Open Banking: Catalyst for Banking’s Future Growth

Many analysts see open banking and open finance becoming game changers for banks and credit unions to gain revenue as they find ways to ultra-personalize broad customer relationships and widen their offerings. New CFPB action on data sharing will add momentum.

Open banking, and its powerful offshoot open finance, loom as inevitable and fundamental change agents to the banking industry, while the pace and courses taken will vary according to the market. In Europe, for example, open banking was imposed by government, while it is developing as a result of market forces, mostly, in the U.S.

The long-term significance of this movement continues to unfold.

“Open finance marks a turning point for collaboration in financial services,” states Jacob Morgan, Principal Analyst at Forrester, in a blog. “It brings the ability to reduce friction through automation, to combine real-time insight across multiple sections, and guide customers to contextualized, personalized results.”

Putting some numbers on the open trend, in 2021 there were 26.6 million open banking payments, an increase of 500% in just 12 months, according to Helen Child, founder of Open Banking Excellence, a community of open banking practitioners.

“There is no logical reason why we cannot add a zero here and grow this to 260 million…The addressable market created by open banking will be worth $416 billion in the next three years,” Child writes in the foreword to a report on the state of open banking and open finance.

Banking institutions still sitting on the sidelines may glean some urgency from the source of the 2021 number that Child cites. It comes from an Accenture report that sees a wave of change building.

“The belief that a wait-and-see approach is safest may be dangerous,” Accenture’s report warns. “Banks that are not yet considering their place in the open data economy risk yielding the market to more agile competitors. After all, one of the key attributes of the open data economy is a blurring of the lines between industries.”

The trend is toward financial “ecosystems” on multiple fronts. As an article on open banking from Amazon Web Services recounts, this trend has accelerated not only in banking, but more broadly with financial services.

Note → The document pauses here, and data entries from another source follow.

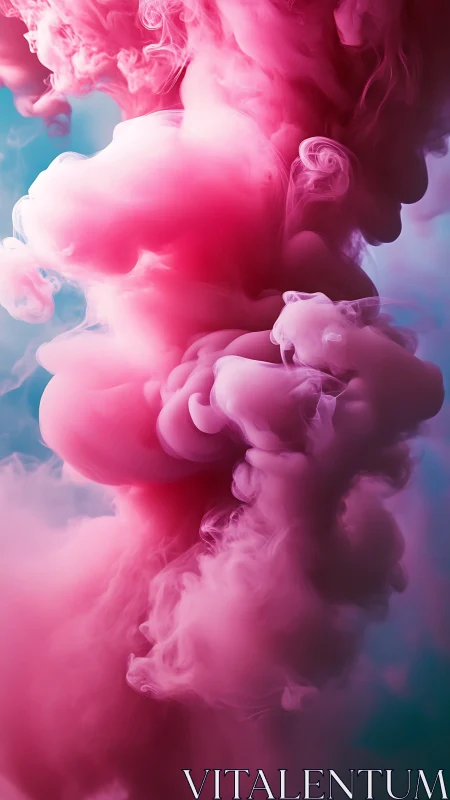Pink pigment cloud suspended in translucent liquid column.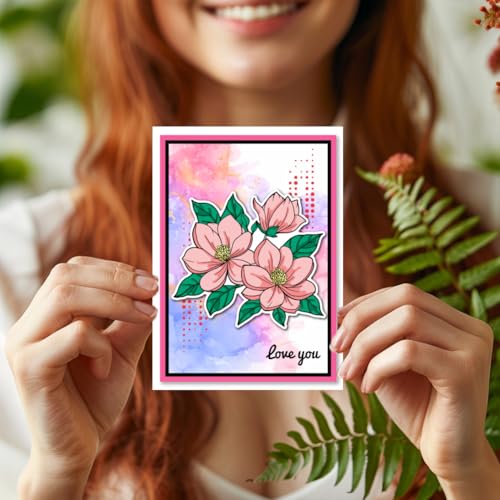 GLOBLELAND Magnólia carimbos e flores transparentes matrizes de corte de folhas com estênceis de pin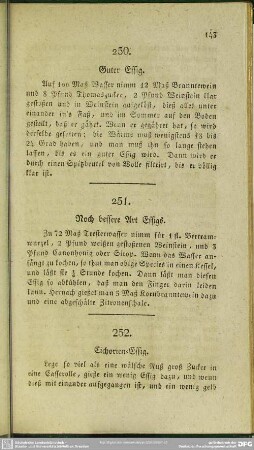 Allerlei andere Sachen, als Essig, Punsch-Essenz u. d. gl. (Nr. 250-261)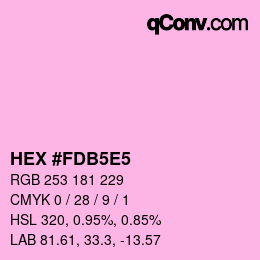 颜色代码: HEX #FDB5E5 | qconv.com
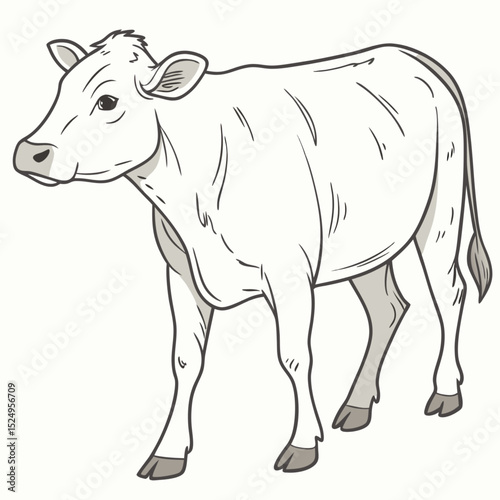 Cute black and white cartoon cow vector illustration isolated on white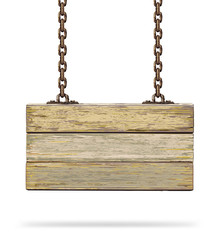 Old color wooden board with rusty chain. Vector illustration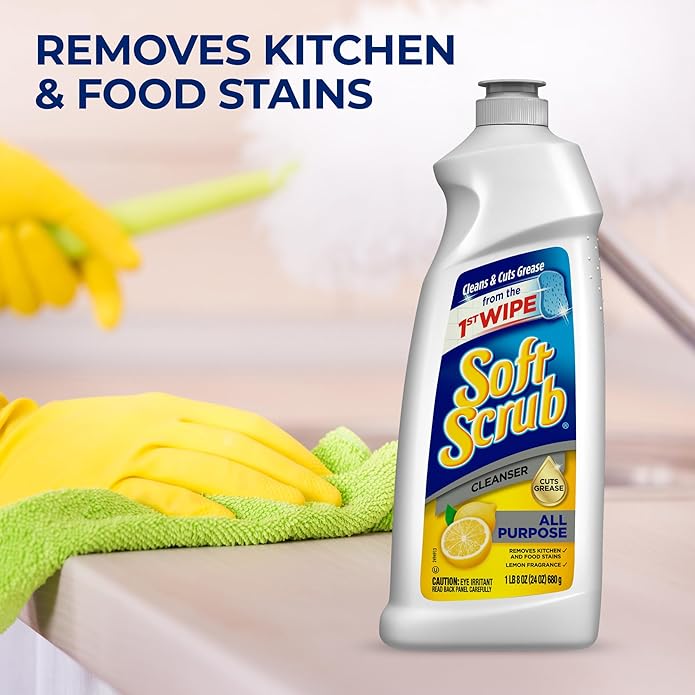Soft Scrub Total All Purpose Bath & Kitchen Cleanser, Lemon Scent 24 oz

“Although banks embarked on this journey with open banking as a catalyst, many have embraced the augmentation of their business models and acquisition of new customers, often referred to as open finance,” Amazon states.

Adding momentum to the open banking trend, the Consumer Financial Protection Bureau has put plans in motion to issue rules that would obligate financial institutions to share consumer data upon request. (More on this in the final section of the article.)

Evolving from Open Banking to Open Finance

Terminology sometimes muddles understanding of this rapidly developing combination traditional and nontraditional financial banking services.

MX, which furnishes services enabling these strategies, provides some definitions, distinguishes between the two key terms in this way:

“Open banking is the structured and secure consumer-permissioned sharing of data… between financial service providers,” it says in a guide to terminology, clarifying that this strategy is limited to retail and investment banking.

Open banking is “the ability to access and act on financial data to build personalized experiences, increase the pace of innovation, and drive industry collaboration.”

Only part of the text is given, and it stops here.